There are three main types of matzah. Ashkenazi Jews eat a matzah that is hard and flat, like a cracker. The first two types of matzah are made like this. One type is made by a machine. It is usually square and is eaten by most Jewish groups. However, some groups (such as orthodox Jews) are very strict and will eat only matzah that is handmade, which is usually round in shape. Both of these types of matzah are often a little bit burnt at the edges, as they must be fully and completely cooked in order to avoid any part of them eventually rising. The third type of matzah is made by Mizrahi, Yemenite, and Iraqi Jews from the Middle East. This matzah is also a mixture of grain and water that is cooked within 18 minutes, but it is soft and pliable, more like a flatbread than a cracker.
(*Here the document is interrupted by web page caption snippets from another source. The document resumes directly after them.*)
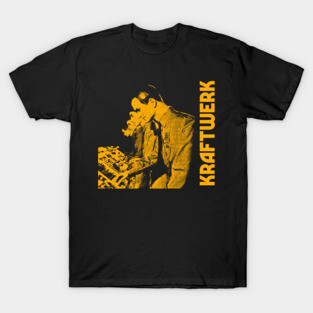 Kraftwerk Retro Fanart Tribute Design T-Shirt
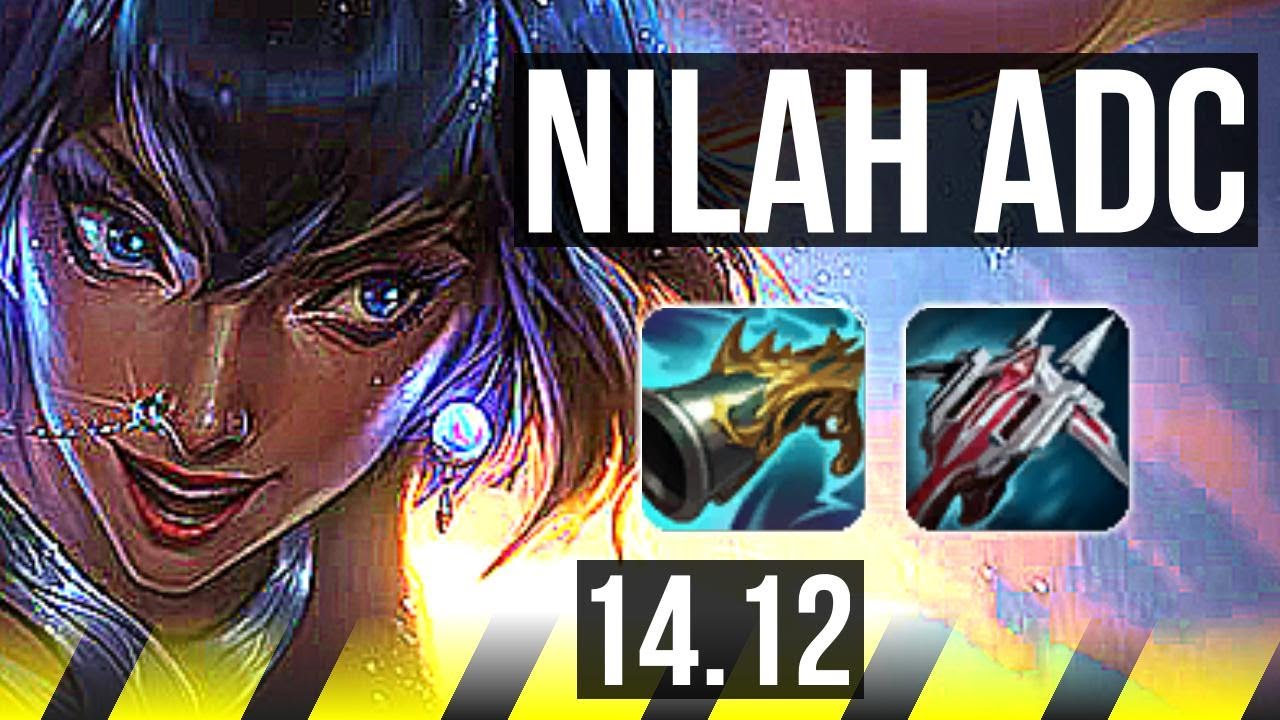 NILAH & Pyke vs DRAVEN & Nami (ADC) | 8/1/9, Rank 8 Nilah | NA Challenger | 14.12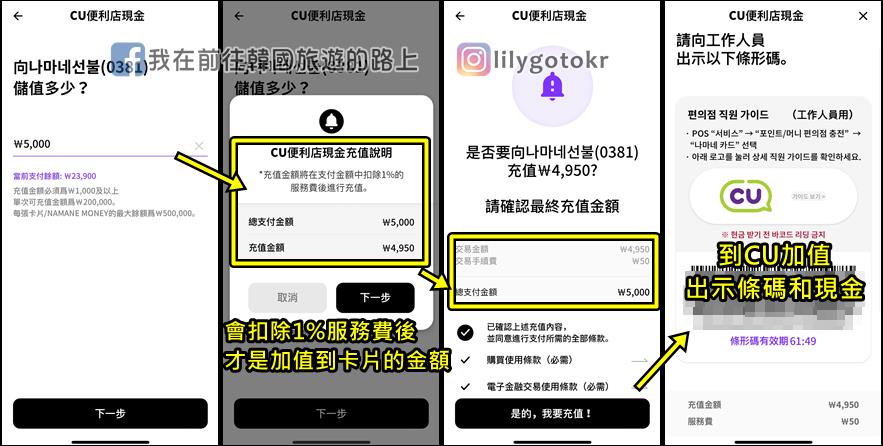 自由行工具｜韓國現金預付交通「NAMANE卡」可DIY卡面設計，購物美食享回饋折扣 @我在前往韓國旅遊的路上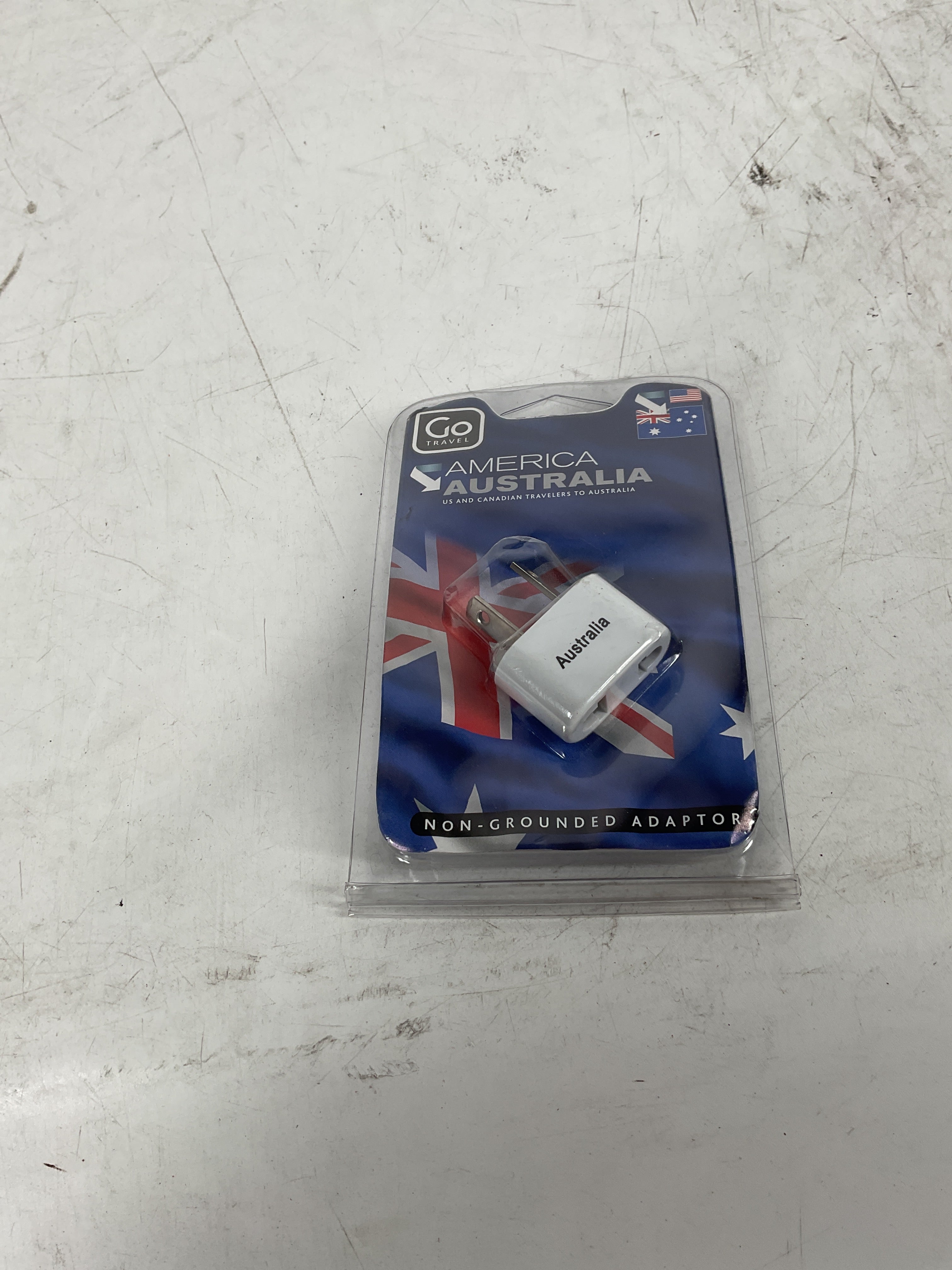 Go Travel Australia Non Grounded Travel Adaptor, White   U1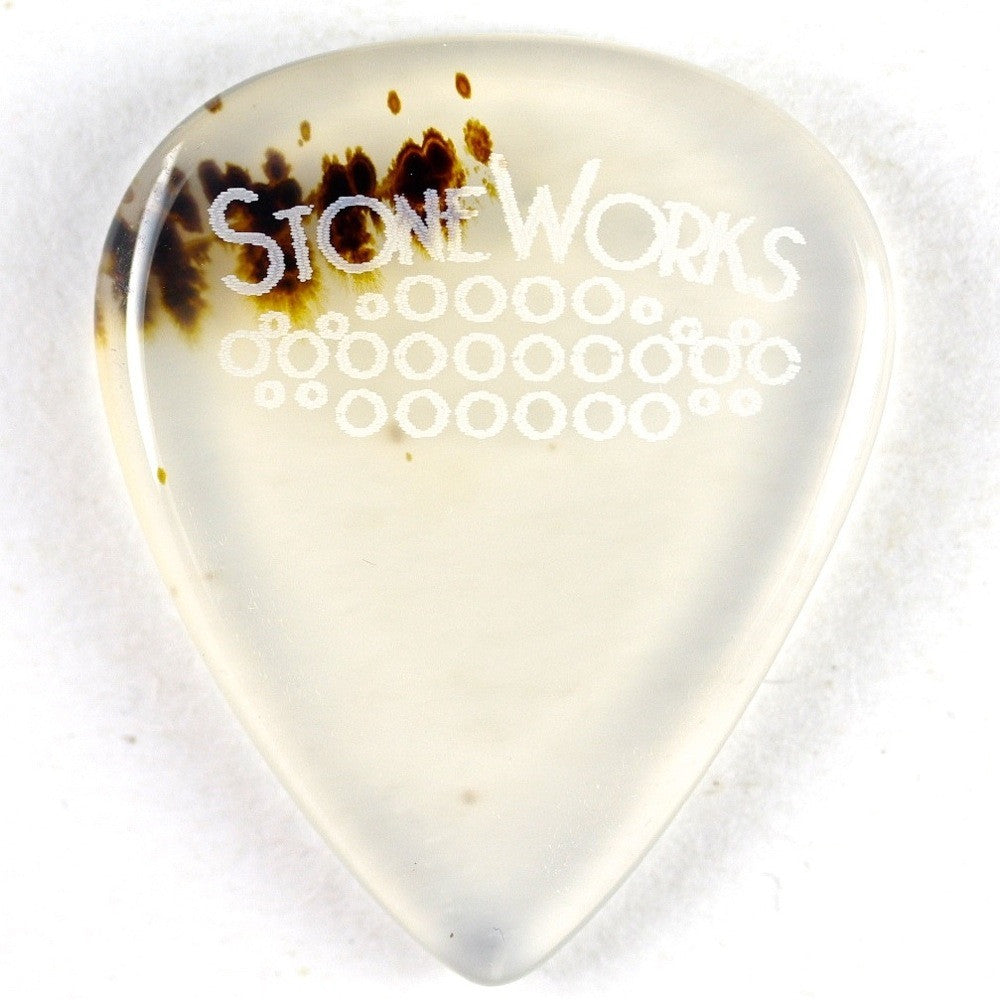 Montana Moss Agate - Stone Guitar Pick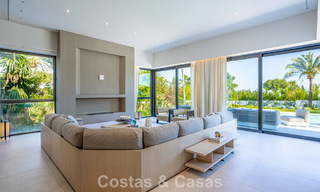Contemporary new build villa for sale in a preferred golf urbanisation on the New Golden Mile, Marbella - Benahavis 782494 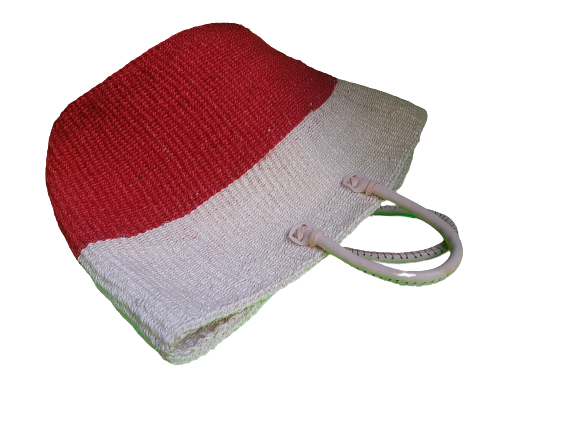 Two-Tone Sisal Kiondo Tote Bag - Image 5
Matzah must be made from one of the five species of grains listed in the Torah, which are wheat, oats, rye, spelt, and barley. For the Passover seder, it is made solely from grain flour mixed with water – no other additions, such as eggs or fruit juice, are acceptable. Some Jews will eat these types of matzah during the other days of Passover, but orthodox Jews will eat only the kind made from grain and water.
Matzah is a symbolic food with many meanings. It is called the “bread of affliction” or “poor man’s bread,” which reminds Jews of the suffering of their ancestors in the land of Egypt. On the other hand, it also represents freedom and redemption, as the Jews were freed from Egypt so abruptly and left in such haste that they did not have time for their dough to rise. Allegorically, matzah also represents humility and letting go of one’s ego. Because it is not “puffed up” with air like bread is, it reminds the Jewish people never to let their pride puff them up.
Matzah is also eaten now in place of the Passover offering. When the Temple stood in Jerusalem, each family (or group of families, if poor) would bring a lamb as an offering. They would then have to completely consume it before the night was over. Now that there is no Temple, the Jewish people eat matzah instead. Ultimately, however, matzah is most important because it symbolizes salvation.